» Task requirements: Transcribe the entries exactly as they stand below, passing over any picture.

» Excerpted records:
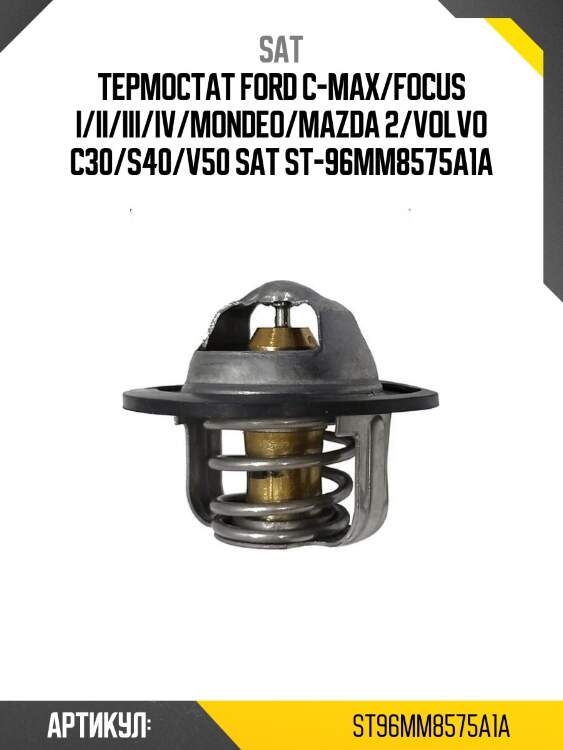 Термостат ford c-max/focus i/ii/iii/iv/mondeo/mazda 2/volvo c30/s40/v50 sat st-96mm8575a1a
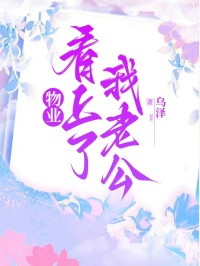 物業(yè)看上了我老公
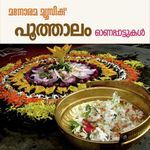 Poothalam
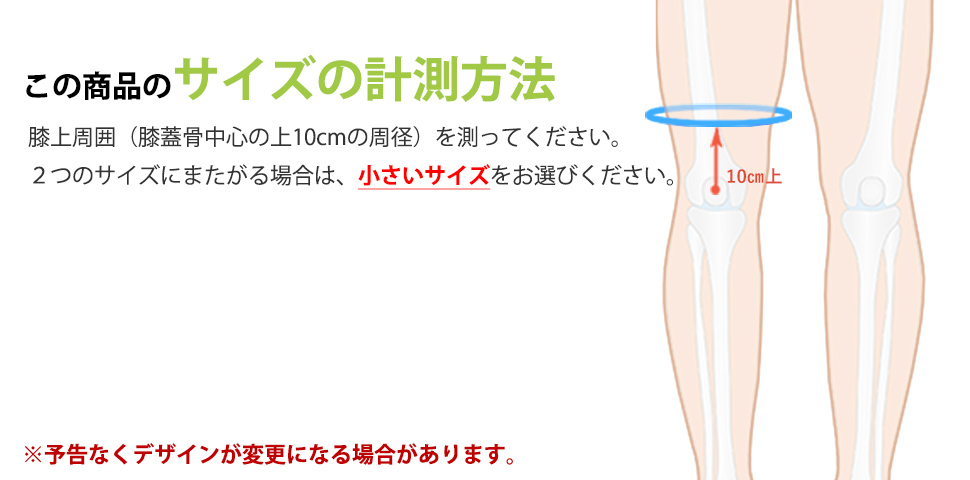 【サイズの計測方法】膝上周囲（膝蓋骨中心の上10cmの周径）を測ってください。※2つのサイズにまたがる場合は、小さいサイズをお選びください。
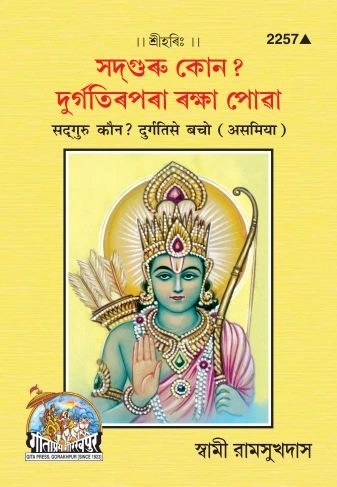 Sadguru Kaun (Assamiya), Assamese edition | Baba Bhole Nath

» Answer space:
 Термостат ford c-max/focus i/ii/iii/iv/mondeo/mazda 2/volvo c30/s40/v50 sat st-96mm8575a1a
 物業(yè)看上了我老公
 Poothalam
 【サイズの計測方法】膝上周囲（膝蓋骨中心の上10cmの周径）を測ってください。※2つのサイズにまたがる場合は、小さいサイズをお選びください。
 Sadguru Kaun (Assamiya), Assamese edition | Baba Bhole Nath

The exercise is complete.